Small schools are also producing new models for addressing what has been a difficult and growing problem for many schools: how to deal with students who do not speak English. La Escuela Fratney, a small elementary school in Milwaukee, offers a model two-way bilingual program (Peterson 1993), and New York's International High School has now inspired two or three other new small high schools in New York alone, which together represent a new model for secondary education. When they enter, International's students have been in the United States fewer than four years, and they barely speak English. More than two-thirds come from families with below-poverty incomes. Yet 96 percent of them graduate from International, and of these, an amazing 97 percent go on to college (Bush 1993).

Can We Explain This Track Record?

The success of small schools is variously attributed to a number of things: to the more human scale of such schools, to their more satisfied and willing students, to more committed teachers, to the opportunity for choice such schools typically afford, to the fact that most of them have a focus or coherent mission, to their relative autonomy and distance from the bureaucracy, to heightened responsiveness to their constituents, and to a better school-student and school-family match. But irrespective of which of these features is most important, substantial agreement is emerging as to the centrality of three ingredients in producing them: (1) small size (Walberg and Walberg 1994, Lee and Smith 1994, Lee et al. 1995), (2) an organizational structure departing significantly from the conventional (Bryk and Thum 1989, Lee et al. 1995), and (3) a setting that operates more like a community than a bureaucracy (Bryk and Driscoll 1988, Bryk et al. 1993, Bryk and Thum 1989, Lee and Smith 1994, Wehlage et al. 1987).

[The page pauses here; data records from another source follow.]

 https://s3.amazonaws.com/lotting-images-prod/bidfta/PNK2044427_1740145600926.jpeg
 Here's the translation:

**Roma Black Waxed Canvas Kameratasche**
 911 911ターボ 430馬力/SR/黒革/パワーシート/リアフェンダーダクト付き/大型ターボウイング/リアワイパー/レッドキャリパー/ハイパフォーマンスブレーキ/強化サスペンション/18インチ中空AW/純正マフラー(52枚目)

One reason that size appears so pivotal is that smallness permits and invites a number of practices and arrangements that have independently been found desirable. In other words, small schools comfortably accommodate much from the lessons we've learned about school effectiveness.

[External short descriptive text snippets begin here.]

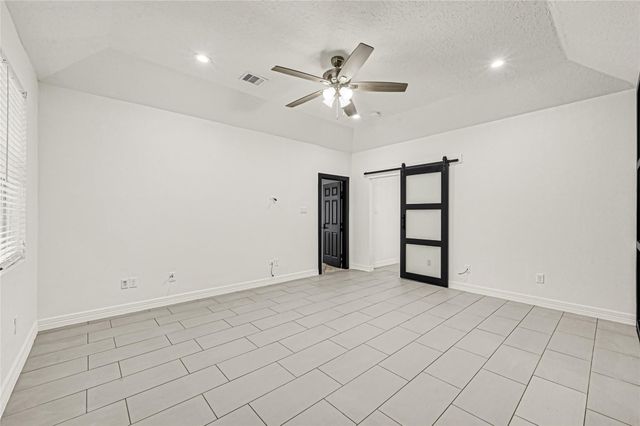 19763 Irenell Dr, Porter, TX 77365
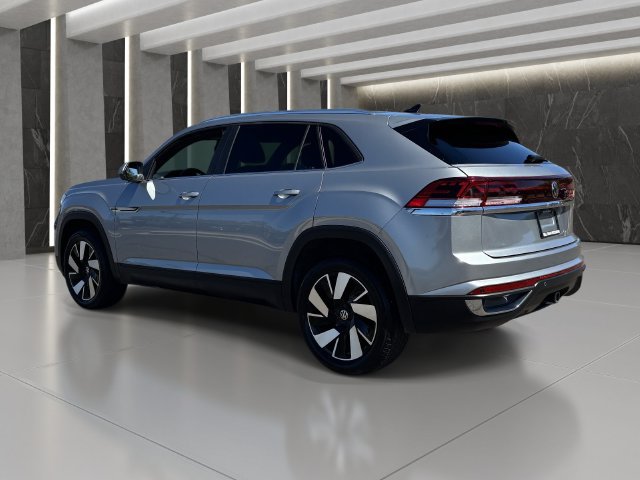 Used 2026 Volkswagen Atlas Cross Sport SE AWD/4WD image 4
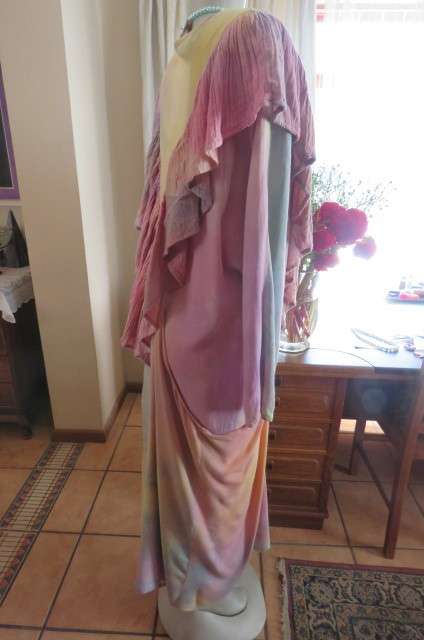 State of the art maxi dress by 'Novak'. In colour washed cotton fabric size up to size 42/18.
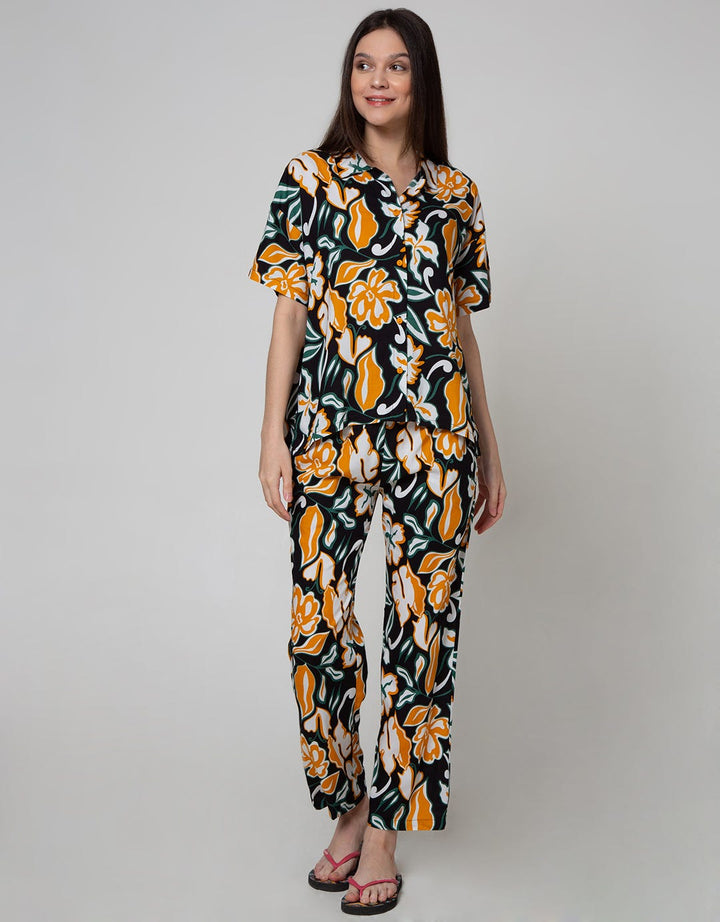St. Yves Short Sleeve Pyjama Pants Batik Daun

First, we've learned that school organization matters (Lee et al. 1993, Witte and Walsh 1990). Organization may be the major reason so many youngsters are more successful in the more personalized, nondepartmentalized environment of the elementary school than in the high school. The way schools are put together structurally clearly affects student achievement (Lee et al. 1995), and it affects school attendance patterns (Bryk and Thum 1989) and dropout rates (Bryk and Thum 1989, Wehlage et al. 1987). It also makes a bigger difference to disadvantaged students than to those who are not (Bryk and Thum 1989, Lee et al. 1995, Lee and Smith 1994, Bryk et al. 1993). How a school is structured obviously depends on its size: the larger it is, the greater the need for organizing people into subunits and specializations and the more fragmented the experience of teachers and students becomes.

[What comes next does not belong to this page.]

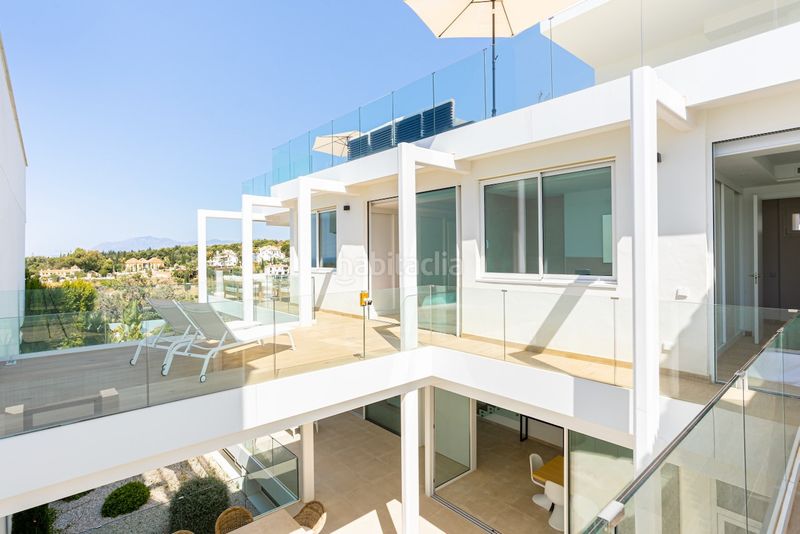 Foto 094dc761-b3cb-4b9f-b79a-9c1a79d2c108. Casa amb aparcament piscina a Valdeolletas - Las Cancelas - Xarblanca Marbella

Second, whether a school operates more as a bureaucracy or a community matters a great deal. It determines whether staff members see their job primarily as delivering services or whether they see it as succeeding in educating. It also determines whether teachers are grouped in departments and students in stratified (tracked) classes, or whether the two are grouped together in smaller units—small schools or schools-within-schools. Whether the model is bureaucracy or community has major consequences for the kinds of relationships teachers share with one another, the way they connect with students, and the way students interact with each other. Size is the key feature in permitting or denying the opportunity to make the school a community in which each individual is known and treated as such, or determining whether a depersonalized, rule-governed environment is necessary to keeping order.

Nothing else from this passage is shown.